The artists of the New Objectivity movement shared a skepticism in terms of which direction Germany was moving towards, both artistically and politically, while struggling with immense human isolation.
The Los Angeles County Museum of Art is introducing the United State to its first comprehensive exhibit to explore the artwork of the New Objectivity movement, which began during the Weimar Republic, the first democracy of Germany.
The exhibit, New Objectivity: Modern German Art in the Weimar Republic shows that art between 1919-1933 in Germany was shown with less of a single style and more of a shared attitude that evolved between the end of World War I and Hitler’s Nazi Rise to power.
According to the museum, the art movement was dubbed “New Objectivity” or “Neue Sachlichkeit” in German, where participants “turned a cold eye on the new Germany: its crippled war veterans, desperate prostitutes, and alienated urban landscapes, but also its emancipated new woman, modern architecture, and mass-produced commodities”.
These artists captured their surroundings with “divergent styles that” created a sobering unsentimental and very graphic representation of what being in Germany was like during Hitler’s rise to power.
The New Objectivity exhibit’s catalogue seems to cover varying perspectives of the time. Some pieces show harrowing images of longing for a better future, along with a desire to revisit the past; while others explore depictions of fluidly changing ideas on sexuality and androgyny.
The overall theme of the exhibit seems to reflect the severity of a country’s historical mistreatment and document the many social, and political wrongs that plagued the artist’s every day lives.
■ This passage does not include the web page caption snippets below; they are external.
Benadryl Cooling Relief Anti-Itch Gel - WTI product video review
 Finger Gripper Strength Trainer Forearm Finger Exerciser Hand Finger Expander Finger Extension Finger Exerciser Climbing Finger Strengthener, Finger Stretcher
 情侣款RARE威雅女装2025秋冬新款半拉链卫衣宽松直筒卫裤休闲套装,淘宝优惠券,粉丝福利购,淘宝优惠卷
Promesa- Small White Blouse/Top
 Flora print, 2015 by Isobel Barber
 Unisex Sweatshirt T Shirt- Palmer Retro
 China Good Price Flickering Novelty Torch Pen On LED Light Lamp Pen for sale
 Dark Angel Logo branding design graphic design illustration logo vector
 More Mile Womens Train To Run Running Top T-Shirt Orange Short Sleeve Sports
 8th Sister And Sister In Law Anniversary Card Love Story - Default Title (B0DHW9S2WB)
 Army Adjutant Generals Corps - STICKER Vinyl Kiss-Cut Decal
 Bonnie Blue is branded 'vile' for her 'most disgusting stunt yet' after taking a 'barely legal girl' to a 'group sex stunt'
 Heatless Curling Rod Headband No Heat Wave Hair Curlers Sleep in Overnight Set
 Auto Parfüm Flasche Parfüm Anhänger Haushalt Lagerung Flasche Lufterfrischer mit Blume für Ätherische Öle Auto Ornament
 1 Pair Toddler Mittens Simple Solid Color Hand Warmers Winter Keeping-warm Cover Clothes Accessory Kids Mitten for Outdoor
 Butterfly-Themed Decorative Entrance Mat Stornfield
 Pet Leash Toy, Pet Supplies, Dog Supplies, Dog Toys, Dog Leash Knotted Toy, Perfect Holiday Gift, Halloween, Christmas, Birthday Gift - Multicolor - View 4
The exhibition was organized by the Los Angeles County Museum of Art in association with the Museo Correr in Venice, Italy. The “New Objectivity” catalog confirms it “features nearly 200 paintings, photographs, drawings, and prints by more than 50 artists.”
The New Objectivity exhibit was curated by Sabine Eckman. Barron has been responsible for more than 100 exhibitions for the Los Angeles County Museum of Art, six of which include German art and politics.
The collection displayed at LACMA is “the first comprehensive exhibition in the United States to explore the dominant artistic trends of the period” according to a press release.
The artwork is organized into five distinct sections: Life in Democracy and the Aftermath of the War, The City and The Nature of The Landscape, Still Life and Commodities, Man and Machine, Identities: Type and Portraiture.
Many of the artists in this exhibition have composed pieces that show people in hunched over crumpled looking postures, children with eerily complacent looking faces, and creepy shadows. Much of the work points to the complex disillusionment that came with living in a post-World War I environment, while in the midst of the Nazis coming to power.
Barron explains “close examinations of this period still yield new insights into a complicated chapter in modern German art. With very different backgrounds, these artists – some among the most well- known artists of the century, while others are virtually unknown outside Germany – eschewed emotion, gesture, and ecstasy, and sought instead to record and unmask the world around them with a close, impersonal, restrained gaze.”
In today’s world much of our art and day-to-day interaction revolve around documenting, and very candidly, portraying the real. This is exhibit comes at a time that draws an interesting parallel as to how this was done in the tumultuous time of the Weimar Republic.
In January 1933, Adolf Hitler was assigned as chancellor of Germany and declared many of the artworks “degenerate”, bringing New Objectivity to its early end.
The exhibit is set to go on view from October 4, 2015 – January 18, 2016 on the second floor of the BCAM.